The U.S. Cybersecurity and Infrastructure Security Agency (CISA) has updated its list of cybersecurity bad practices that should be avoided. The Bad Practices Catalog was first published in July 2021 and, upon its launch, only included two entries. A third has now been added to the list.
The list includes practices that CISA advises against due to them being exceptionally risky. The entries on the list may seem obvious security errors to cybersecurity professionals; however, these mistakes occur at many organizations and are frequently exploited by cyber threat actors to gain access to internal networks.
All government organizations and private sector companies must ensure that these issues are addressed, but these practices are deemed exceptionally dangerous for any organization that supports critical infrastructure or national critical functions (NCFs), as these bad practices increase risk to the critical infrastructure relied upon for national security, economic stability, and life, health, and safety of the public.
There are many lists of cybersecurity best practices, and while they are useful to help organizations improve security it is important to ensure that bad practices are eliminated.
The first bad practice to be listed is the continued use of software after it has reached end of life and support for the software has been withdrawn. This practice is especially egregious for software and technologies that are accessible over the Internet. The second bad practice is the use of default or known passwords and credentials, and again, this is especially egregious for any systems that can be accessed over the Internet.
CISA has now added the use of single factor authentication for remote or administrative access to systems to the list. It is especially important to ensure that 2-factor (2FA) or multi-factor authentication (MFA) are implemented on all systems that are accessible over the Internet.

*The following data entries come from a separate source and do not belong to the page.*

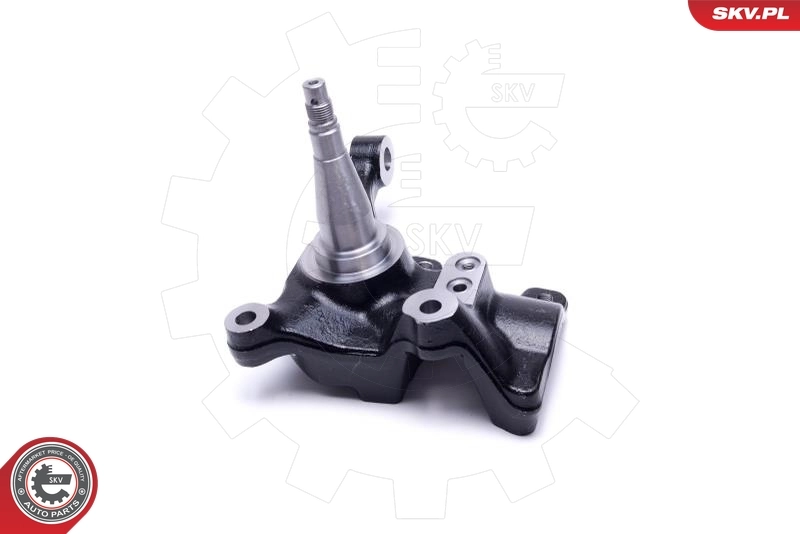 Steering Knuckle, wheel suspension 47SKV781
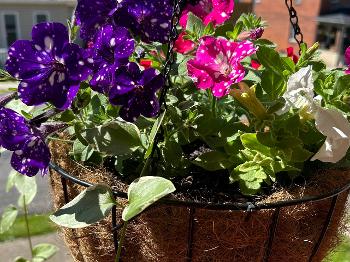 This was an earlier spring photo of my petunias. I have recently cut them back.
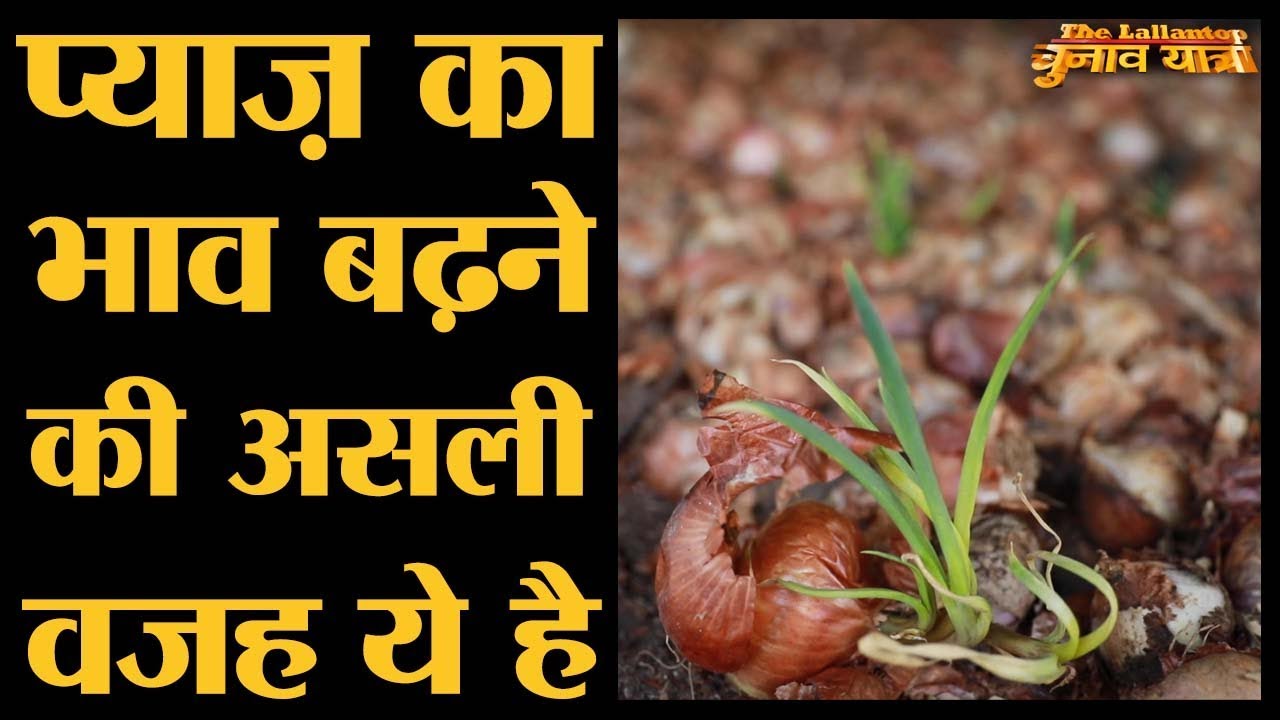 Nasik के onion farmers से जानिए प्याज़ इतना महंगा कैसे हो गया? Nasik Onion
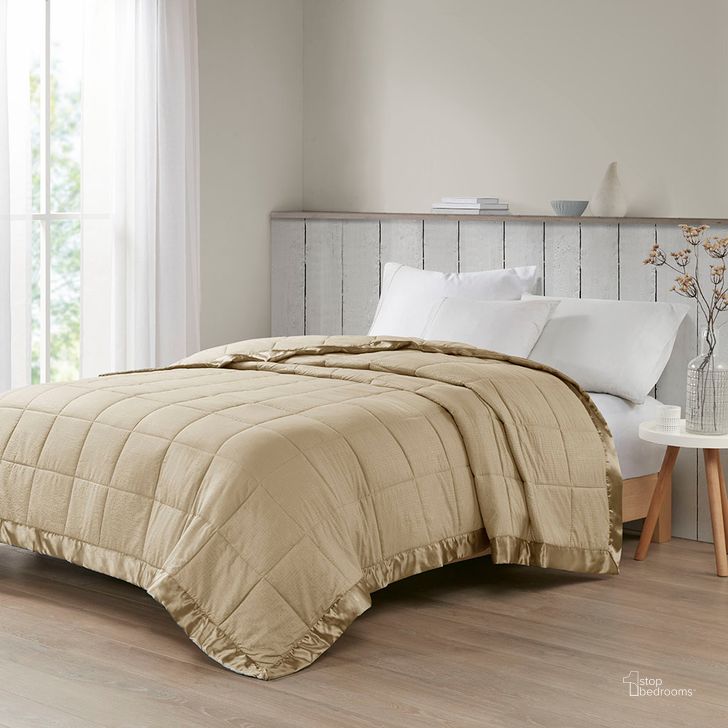 The appearance of Polyester Solid Embossed Microfiber Premium Oversized Queen Blanket In Taupe designed by Olliix in the transitional interior design. This taupe piece of furniture  was selected by 1StopBedrooms from Cambria Collection to add a touch of cosiness and style into your home. Sku: MP51-2602. Material: Polyester. Bed Size: Queen. Product Type: Throw. Image1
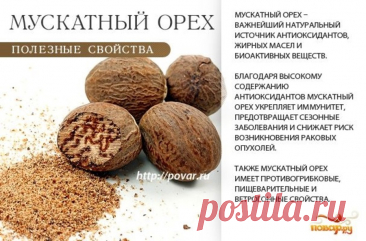 Мускатный орех полезные свойства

Single-factor authentication is the use of a username and password to provide access to a system. While this method of security can prevent unauthorized individuals from gaining access to a system, passwords are vulnerable to brute force and phishing attacks, passwords can be obtained by malware such as keyloggers that have been installed on a system, or by other methods such as packet sniffing. With 2FA or MFA, an additional authentication factor is required before access to a system is granted. 2FA or MFA are not infallible, but they will make it much harder for attackers to gain access to systems.
Alex Weinert, Microsoft Director of Identity Security, explained in a July 2019 blog post that studies have shown that MFA will block in excess of 99.9% of attacks and a study published by Google, and New York University and the University of California San Diego showed MFA will block 100% of automated bot attacks, 99% of bulk phishing attacks, and 66% of targeted attacks.